Derrière les discours officiels et les appels à la mobilisation, un diagnostic plus inconfortable se fait jour. Les 17 et 18 septembre 2026, à Cotonou, la deuxième édition du Salon régional de l’actionnariat a réuni institutions, entreprises et régulateurs de l’Union économique et monétaire ouest-africaine (UEMOA). En apparence, l’événement célébrait l’essor des marchés régionaux. En réalité, il a mis au jour une contradiction structurelle : la croissance de la zone ne parvient toujours pas à irriguer les circuits d’épargne locaux. L’angle choisi par les coorganisateurs, UCA SGI et Dimensions GROUP, n’était pas anodin : comprendre pourquoi la richesse produite dans la sous-région dort au lieu de financer son propre développement.
Un paradoxe révélateur au cœur de la zone UEMOA
Le thème retenu, « Actionnariat et souveraineté financière : mobiliser l’épargne pour accélérer la transformation économique », résume à lui seul la tension. D’un côté, une dynamique économique indéniable. De l’autre, des marchés financiers régionaux qui captent une fraction marginale de l’épargne domestique. Les experts présents ont pointé du doigt un mécanisme de fuite : l’épargne locale se détourne des instruments longs et productifs pour se réfugier dans des placements à très court terme ou, pire, hors des frontières. Ce constat, répété de table ronde en table ronde, éclaire les vraies causes du retard : un déficit de confiance et une architecture financière inadaptée.

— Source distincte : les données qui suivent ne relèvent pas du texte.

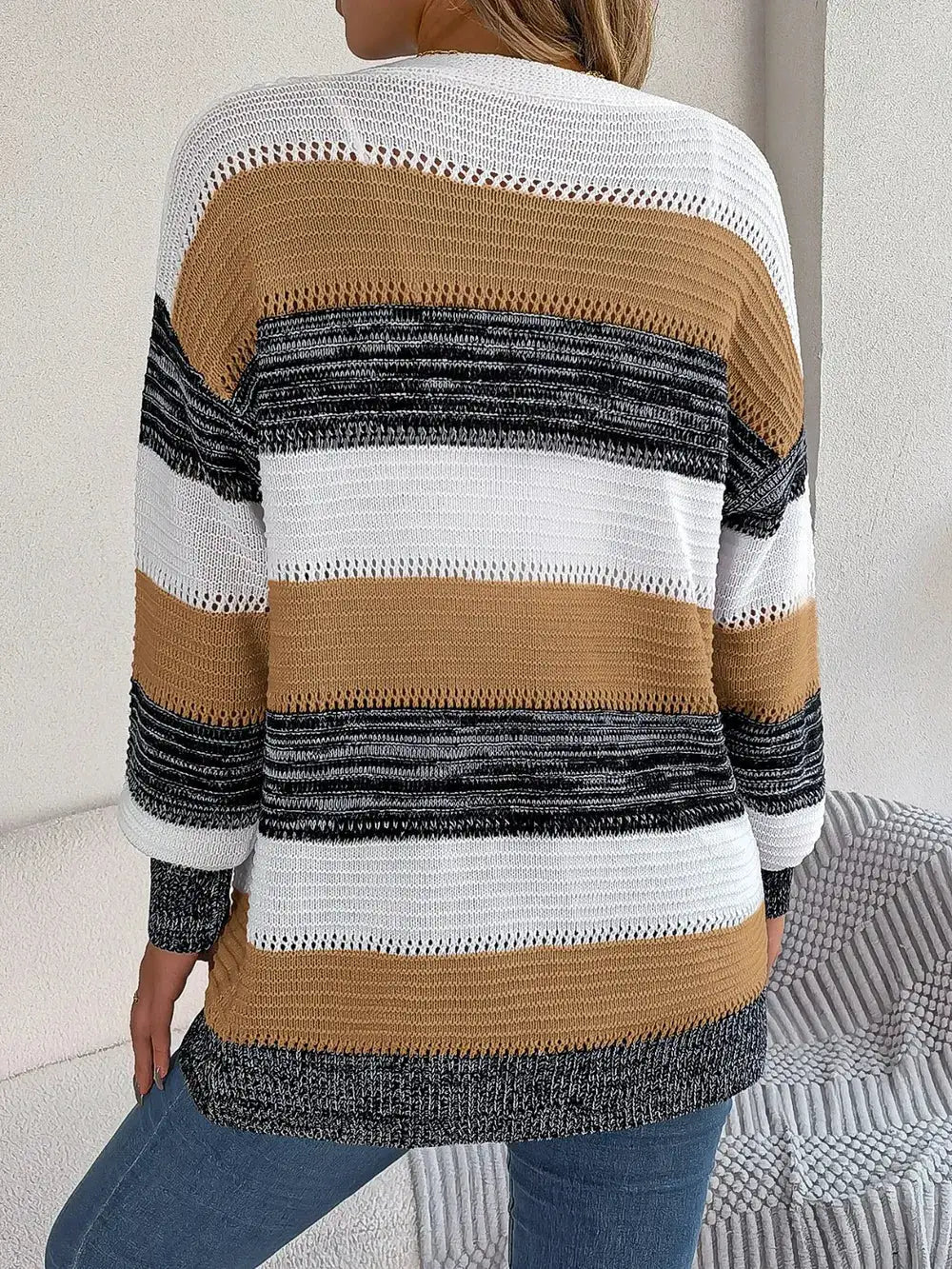 Openwork striped cardigan, open-front; lightweight relaxed knit in white, camel, and black.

Trois leviers pour inverser la tendance
Déverrouiller l’accès au marché des capitaux
Le premier chantier identifié concerne l’ouverture du capital des entreprises locales. Faciliter les introductions en bourse et dynamiser la Bourse Régionale des Valeurs Mobilières (BRVM) suppose de lever des obstacles concrets : coûts d’entrée, transparence, gouvernance. Les participants ont insisté sur un point clé : sans un flux régulier de nouvelles sociétés cotées, l’actionnariat populaire restera un slogan.
Rapprocher l’investissement du grand public
Deuxième levier : l’inclusion et l’innovation. Les outils numériques sont apparus comme le chaînon manquant pour transformer une épargne dispersée en capital productif. L’éducation financière, souvent reléguée au second plan, devient une condition sine qua non pour que chaque citoyen puisse arbitrer entre consommation immédiate et investissement de long terme.
Réformer le cadre réglementaire et fiscal
Troisième axe : adapter les dispositifs légaux et fiscaux. Les participants ont souligné que l’orientation de l’épargne vers les infrastructures et le secteur privé ne se décrète pas. Elle exige des incitations stables et une visibilité sur le long terme, sans laquelle les capitaux continueront de fuir les projets structurants.
La souveraineté financière, un enjeu de résilience
Les représentants de la BCEAO, de la Commission de l’UEMOA et de l’Autorité des marchés financiers ont rappelé une évidence souvent occultée : financer son économie avec sa propre épargne, c’est réduire sa vulnérabilité aux chocs externes. La dépendance aux capitaux extérieurs expose les États et les entreprises à des volatilités qu’ils ne maîtrisent pas. En autonomisant le financement, la sous-région ne cherche pas seulement à croître plus vite, mais à ne plus subir les décisions prises ailleurs.
Une urgence citoyenne à Cotonou
À la clôture des travaux, ce vendredi à Cotonou, un consensus s’est dégagé : la transformation des habitudes d’investissement ne peut plus attendre. Il ne s’agit plus seulement d’inciter les entreprises à s’ouvrir, mais de faire de chaque citoyen un acteur direct de la croissance régionale. Une ambition qui, si elle se concrétise, pourrait bien changer la donne au-delà des frontières de l’UEMOA.